---------- GIVEN RECORDS ----------

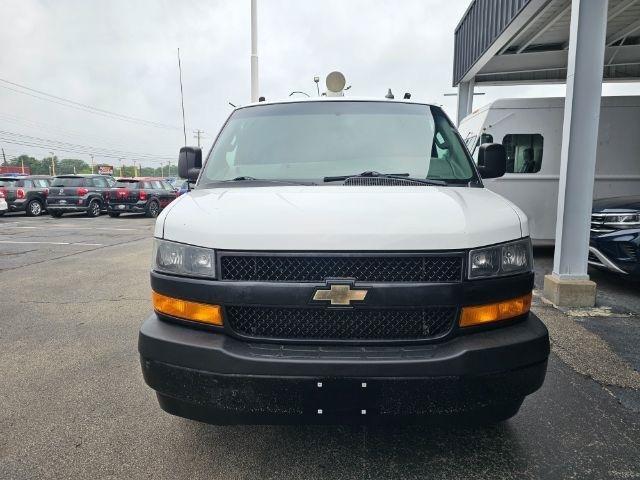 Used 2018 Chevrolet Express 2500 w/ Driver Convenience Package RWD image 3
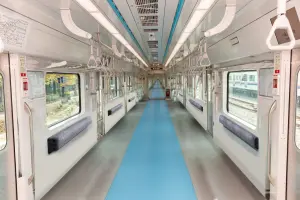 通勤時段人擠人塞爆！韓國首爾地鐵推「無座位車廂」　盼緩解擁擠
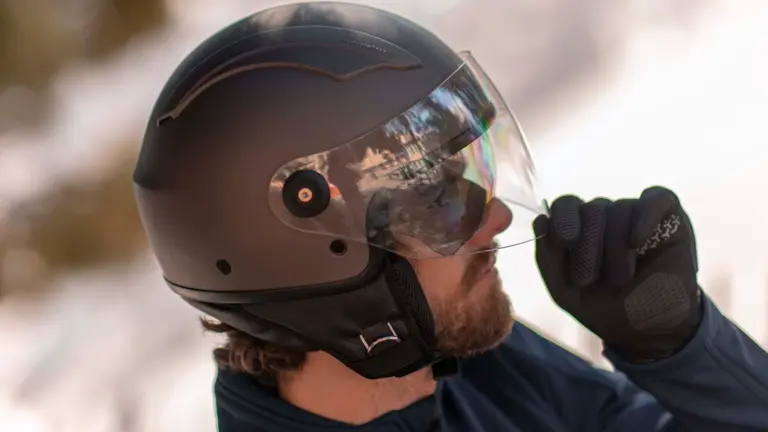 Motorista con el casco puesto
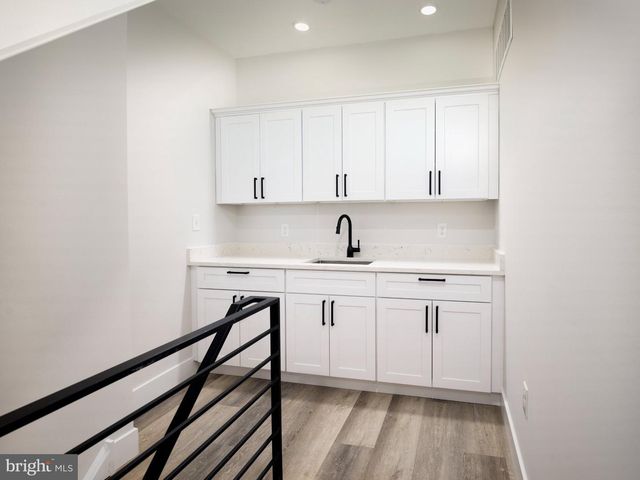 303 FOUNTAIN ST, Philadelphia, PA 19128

----------
---------- GIVEN RECORDS ----------

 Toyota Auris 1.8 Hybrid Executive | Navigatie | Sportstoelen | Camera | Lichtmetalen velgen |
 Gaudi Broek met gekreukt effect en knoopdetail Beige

----------
---------- GIVEN RECORDS ----------

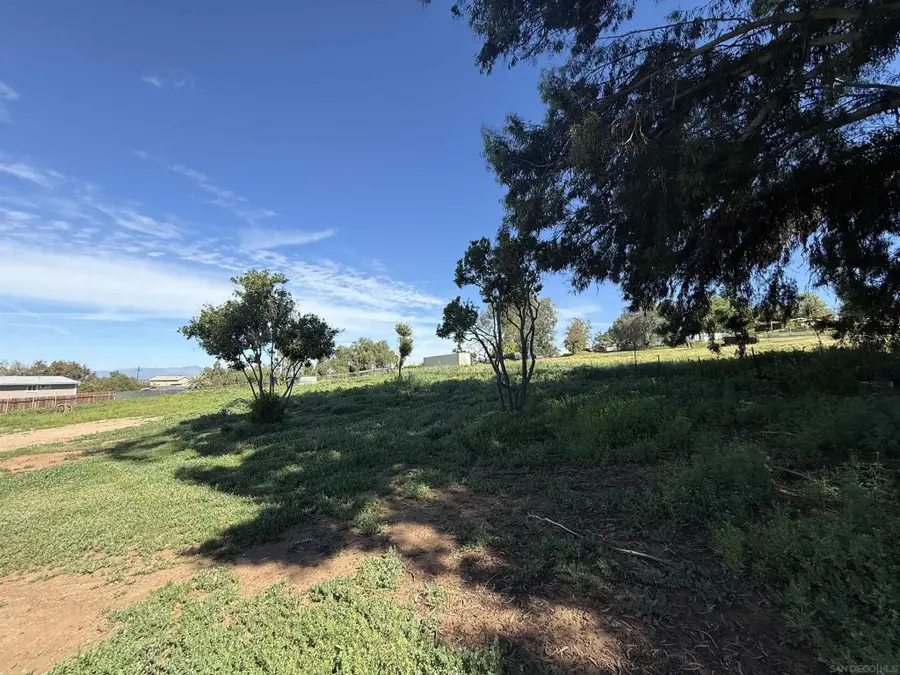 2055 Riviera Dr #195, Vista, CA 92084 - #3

----------

* WHAT IS REQUIRED: Set down again, word for word, every line from the one with "Used 2018 Chevrolet" to the one with "303 FOUNTAIN ST, Philadelphia, PA 19128" in the entries above, and omit the pictures.

* ANSWER:
 Used 2018 Chevrolet Express 2500 w/ Driver Convenience Package RWD image 3
 通勤時段人擠人塞爆！韓國首爾地鐵推「無座位車廂」　盼緩解擁擠
 Motorista con el casco puesto
 303 FOUNTAIN ST, Philadelphia, PA 19128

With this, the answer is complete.